Do not fret – you are not a nerd! Whether it be a game for catapulting bodiless green piggies, the latest Justin Beiber single, or the awesome new restaurant that opened in town, things will change and evolve during your time away. It is important to accept this fact, and revel in knowing that your time out of the loop is temporary. Just tack it on your list of things to look forward to upon your return home – maybe your friends will host a “Get back in the swing of things!” event for you.
For some, this problem may actually be AWESOME. It is a tangible reminder that fads go away, as well as a cool opportunity to witness a craze that grows and dies quickly.
You suddenly look around and feel very alone. You are surrounded by “others,” and your looks, your fashion, your inability to communicate in the local tongue, or your general presence is very obviously… different. Never before have you felt so out of place or disconnected.
Find peace in knowing it’s unlikely that the locals are deliberately trying to make you feel unwanted in their culture. While you are a stranger to this new land, you will start to feel comfortable in no time – it might just takes you a few weeks to adjust.

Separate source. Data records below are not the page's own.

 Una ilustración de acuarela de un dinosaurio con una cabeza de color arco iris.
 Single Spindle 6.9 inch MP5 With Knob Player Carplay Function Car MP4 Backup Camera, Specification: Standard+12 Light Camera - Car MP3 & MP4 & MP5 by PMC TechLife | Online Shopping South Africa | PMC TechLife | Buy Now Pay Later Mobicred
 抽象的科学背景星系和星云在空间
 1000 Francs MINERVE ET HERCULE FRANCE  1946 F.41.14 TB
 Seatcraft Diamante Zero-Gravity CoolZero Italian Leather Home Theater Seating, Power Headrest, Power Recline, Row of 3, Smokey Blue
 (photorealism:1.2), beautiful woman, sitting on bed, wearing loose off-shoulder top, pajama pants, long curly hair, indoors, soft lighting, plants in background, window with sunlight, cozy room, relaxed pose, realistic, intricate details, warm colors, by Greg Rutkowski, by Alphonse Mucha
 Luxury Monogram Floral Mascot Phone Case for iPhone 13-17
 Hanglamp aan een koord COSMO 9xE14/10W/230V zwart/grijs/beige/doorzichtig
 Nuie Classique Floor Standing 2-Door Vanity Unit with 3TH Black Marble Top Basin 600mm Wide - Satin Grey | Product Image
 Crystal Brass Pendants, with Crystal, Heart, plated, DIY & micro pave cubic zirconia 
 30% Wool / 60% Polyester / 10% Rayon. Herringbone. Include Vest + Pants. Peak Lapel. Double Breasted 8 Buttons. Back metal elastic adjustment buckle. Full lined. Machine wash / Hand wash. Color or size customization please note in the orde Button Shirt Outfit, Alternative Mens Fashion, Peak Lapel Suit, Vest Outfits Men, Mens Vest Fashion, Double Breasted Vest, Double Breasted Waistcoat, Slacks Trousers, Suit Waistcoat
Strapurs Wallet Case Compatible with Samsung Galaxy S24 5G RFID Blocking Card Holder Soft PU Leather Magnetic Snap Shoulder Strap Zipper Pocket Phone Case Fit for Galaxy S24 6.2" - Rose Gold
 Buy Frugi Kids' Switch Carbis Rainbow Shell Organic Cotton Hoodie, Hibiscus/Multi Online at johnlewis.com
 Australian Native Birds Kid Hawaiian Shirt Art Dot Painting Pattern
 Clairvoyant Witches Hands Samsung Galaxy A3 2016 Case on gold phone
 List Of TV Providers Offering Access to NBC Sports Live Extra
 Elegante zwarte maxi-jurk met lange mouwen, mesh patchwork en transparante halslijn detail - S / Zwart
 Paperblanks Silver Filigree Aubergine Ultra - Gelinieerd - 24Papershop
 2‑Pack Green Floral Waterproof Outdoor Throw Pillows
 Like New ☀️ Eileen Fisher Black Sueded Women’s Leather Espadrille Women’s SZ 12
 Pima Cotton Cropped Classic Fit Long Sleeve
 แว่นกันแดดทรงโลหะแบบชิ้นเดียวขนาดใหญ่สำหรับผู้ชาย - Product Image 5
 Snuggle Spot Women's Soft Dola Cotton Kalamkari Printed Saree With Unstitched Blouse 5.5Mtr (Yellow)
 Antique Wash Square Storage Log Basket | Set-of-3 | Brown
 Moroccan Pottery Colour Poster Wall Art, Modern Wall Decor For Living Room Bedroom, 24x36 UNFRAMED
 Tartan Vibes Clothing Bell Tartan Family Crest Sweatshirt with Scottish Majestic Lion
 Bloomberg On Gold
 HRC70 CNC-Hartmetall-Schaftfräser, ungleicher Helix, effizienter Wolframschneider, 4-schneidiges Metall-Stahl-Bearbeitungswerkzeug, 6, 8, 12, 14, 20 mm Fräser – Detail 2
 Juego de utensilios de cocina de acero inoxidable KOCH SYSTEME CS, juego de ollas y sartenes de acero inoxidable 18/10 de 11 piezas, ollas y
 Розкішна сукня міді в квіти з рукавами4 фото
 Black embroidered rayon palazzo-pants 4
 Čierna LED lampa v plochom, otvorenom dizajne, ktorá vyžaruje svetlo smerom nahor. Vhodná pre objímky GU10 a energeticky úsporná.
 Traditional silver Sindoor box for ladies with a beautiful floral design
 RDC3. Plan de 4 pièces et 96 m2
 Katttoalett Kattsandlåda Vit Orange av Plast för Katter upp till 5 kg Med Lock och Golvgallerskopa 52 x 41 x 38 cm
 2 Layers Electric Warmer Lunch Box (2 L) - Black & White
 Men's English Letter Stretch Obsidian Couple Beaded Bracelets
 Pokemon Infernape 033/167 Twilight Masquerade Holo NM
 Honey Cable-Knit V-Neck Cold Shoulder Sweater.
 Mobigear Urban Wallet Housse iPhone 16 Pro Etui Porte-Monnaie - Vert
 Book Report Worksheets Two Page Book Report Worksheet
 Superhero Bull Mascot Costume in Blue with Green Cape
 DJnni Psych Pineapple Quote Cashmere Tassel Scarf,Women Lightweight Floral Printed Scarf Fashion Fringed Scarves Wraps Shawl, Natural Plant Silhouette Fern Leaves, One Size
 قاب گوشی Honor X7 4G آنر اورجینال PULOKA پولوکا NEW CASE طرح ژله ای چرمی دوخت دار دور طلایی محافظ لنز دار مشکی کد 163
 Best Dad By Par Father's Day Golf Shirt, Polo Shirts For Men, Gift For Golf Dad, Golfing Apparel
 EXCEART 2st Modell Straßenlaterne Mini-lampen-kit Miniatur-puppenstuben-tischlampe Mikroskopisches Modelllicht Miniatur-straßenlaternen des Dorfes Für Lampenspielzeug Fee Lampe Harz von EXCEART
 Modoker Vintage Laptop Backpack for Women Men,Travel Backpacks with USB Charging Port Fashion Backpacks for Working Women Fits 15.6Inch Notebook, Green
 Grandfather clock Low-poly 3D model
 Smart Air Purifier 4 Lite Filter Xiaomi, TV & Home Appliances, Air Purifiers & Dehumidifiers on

Try to make friends with at least 1 local. I know it sounds like an easy task, but it does take effort to establish and cultivate meaningful relationships, especially across cultural boundaries. Your efforts will be well-rewarded, though; you will gain a friend and an ally. This relationship might give you the foot in the door you need to start feeling safe and relaxed in your new country, instead of separated and awkward.
Did you order chicken only to be served cat eye balls? Did you get on the train headed for Spain only to end up in Russia? Did you wave a friendly hand at a stranger only to be spat on?
Communication barriers are a reality of living abroad and making sense of foreigners’ lives. You can choose to let these follies stress you out, or you can take them in stride and chalk it up as another learning opportunity.
Make an honest effort to familiarize yourself with local cultural norms and lingo. If you are not fluent in the host country’s first language, carry around a translation dictionary or fill up your smart phone with related foreign language apps. Befriend locals and ask for tips and advice for ways to more authentically interact with strangers.
At the end of the day, you should not let the fear of offending someone or speaking incorrectly keep you from interacting healthily within the host culture. You will learn with time, and if you are patient with yourself (and conscious not to repeat mistakes, lest you get spat in the face TWICE), you will feel like a bi-lingual superhero before you know it.
You have fallen in love with this new place. You love everything about it – the sights, the sounds, the smells, the energy. More importantly, you love the YOU that lives here. You feel more confident and self-assured than ever, and you are dreading the thought of returning home to family pressures, expectations, and responsibilities defined by others. You love the freedom, the adventure.
Everything in life is a learning opportunity, and returning home is a very crucial part of your overall experience studying abroad. Without returning home, you will not be forced to confront the newfound changes in yourself that you suspected while abroad.
The key is to take home with you the feelings of ecstasy and freedom that you found in your life abroad. Do not confuse the two locations as being polar opposites, whereby in one you are your best self and in the other you are simply pining for the former.
You might even consider moving abroad permanently or semi-permanently someday. The possibilities are endless!
Now that you are ready to anticipate common study abroad problems and take them in stride, you can focus on what is most important – having FUN. Enjoy your semester abroad!